You feel embarrassed that you lost your train of thought and I can totally relate but truly I did it before the stroke all of the time (still do it now) and in fact I have been told that I talk like Ellen or Dorie (she did the Nemo cartoon) and I just trail off like I am giving a pregnant pause but in reality I just don't know where I was going with the thought........but perhaps it was what should happen and perhaps it was the lead up to then that was important......    I wonder how stupid I look but when others do it I wonder did they intend to stop here  and are they so smart and I can't keep up with them... I didn't think they were damaged but who knows.

 

I am continuing grad school.  My brain is older than the others in the cohort so it is suffering all those age things and then I am on medication and it means memory stuff and processing speed and stuff unknown that surely get in my way...and I know some know I have a stroke head and I don't think everyone knows....

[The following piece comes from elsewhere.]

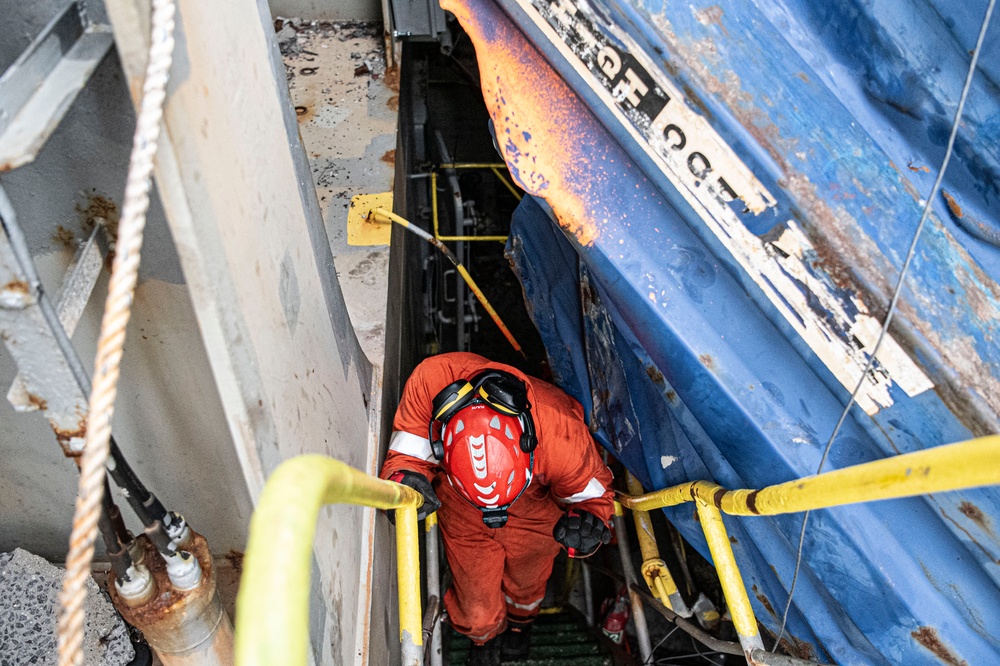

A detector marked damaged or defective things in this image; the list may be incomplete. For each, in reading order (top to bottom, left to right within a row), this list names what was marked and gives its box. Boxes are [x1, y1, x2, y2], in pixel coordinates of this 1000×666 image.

rust stain [940, 189, 964, 218]
rust stain [952, 500, 992, 532]
rust stain [916, 624, 968, 660]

Who cares!!! I know I am probably sitting next to young persons with learning disabilities or even some other problems.  And smart people sometimes stammer with things to say as their minds race away.....

 

You are obviously well educated and well spoken and enjoy being in a group with lively discussion. Why give that up?  You don't need to feel that you don't belong there or that you need to explain why you lost a train of thought because truthfully it happens to folks  and you probably had lots to say and just got brain flood.  If you want the group to know more about you and sharing the stroke is part of them understanding you then go for it and tell what you need to share but it is ok too if you want to just keep that to yourself.  Not everyone is a good public speaker so they may chalk it up to that.

 

From what I have read on here David is Not Damaged.  maybe you notice the sharpness has decreased but that isn't damaged in the sense that it is ruined and not good enough.  it just means that you compensate.

You are courageous and out there in the midst of life. Stay there. They need you for what you have to say and for all of who you are and what you bring by just being you there where you are.

 

Resilience is my word for David, not damaged. phooey on that word! white out time.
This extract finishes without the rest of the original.